A direct comparison with 20 kHz Langevin-type sonotrodes shows the tubular transducer achieves greater volumetric power density (0.75 W/mL versus 0.28 W/mL at 55 W for tube and sonotrode, respectively) and distributes cavitation more uniformly. Sonotrode activity is highly localized beneath the tip, while the tubal design maintains near-uniform intensity throughout its bore, with no concentration of erosive activity on the ceramic wall itself (Li et al., 5 Dec 2025). Mechanical $Q$-factors are comparable ($Q \approx 35$ for the tube; $Q \approx 20$–$50$ for the sonotrode). At similar input powers, the tube transducer delivers earlier cavitation onset and greater peak intensities due to its focused pressure fields.

7. Applications and Design in Sonoprocessing and Ultrasonics

Radially poled tubular piezoceramics are well suited to modular flow-through reactors for continuous, high-throughput sonoprocessing. Arrays of tubes can be inserted coaxially into industrial piping, each acting as a "cavitation module." Design considerations include hydraulic losses (favoring smooth, flush-mounted tubes), avoidance of acoustic interference (appropriate tube spacing and drive phase control), and ensuring full flow exposure to on-axis high-intensity regions. Material processed within the bore is exposed to distributed high-intensity cavitation while leaving the ceramic walls protected from direct bubble activity and associated erosion. The use of functionally graded tube structures allows further optimization of stress distribution and resonance properties, with active control over spatial compliance and mitigation of stress concentrations (Wang et al., 2018).

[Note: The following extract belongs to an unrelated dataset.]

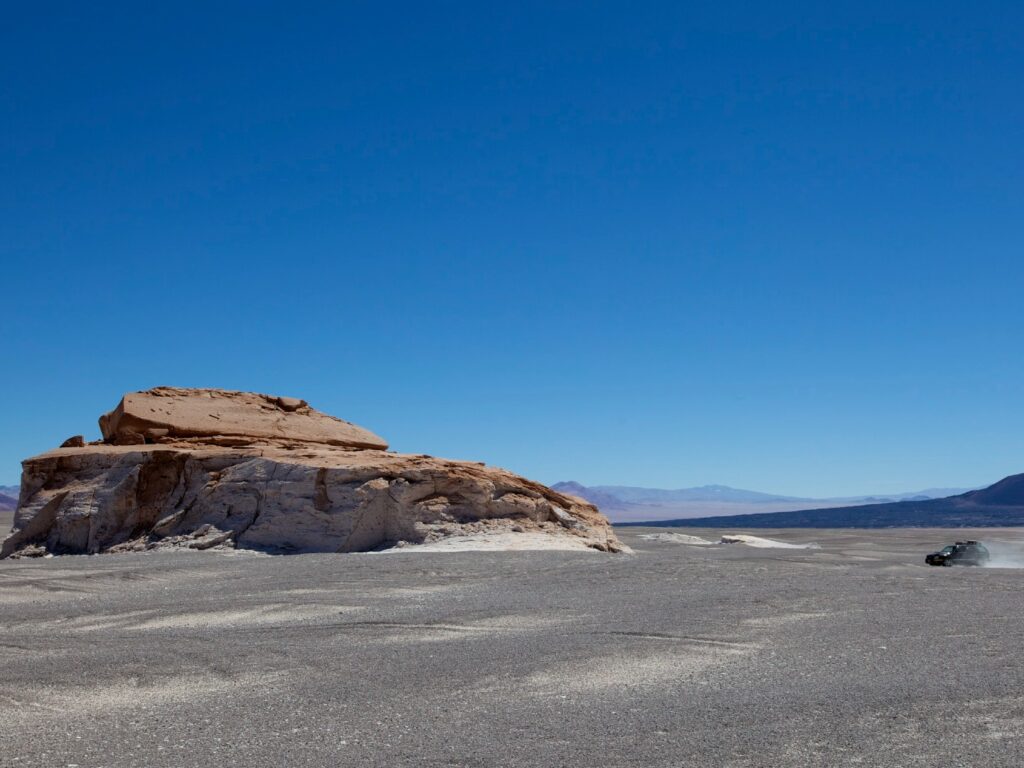 Desert landscape with jeep in distance, North west Argentina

The integration of analytical solutions for graded structures enables tuning of static and dynamic strain fields, allowing resonance placement and performance tailored to specific process requirements. Cumulatively, radially poled tubular piezoceramic transducers are central to the development of scalable power ultrasonic systems for material processing, separation, and advanced actuation (Li et al., 5 Dec 2025, Wang et al., 2018).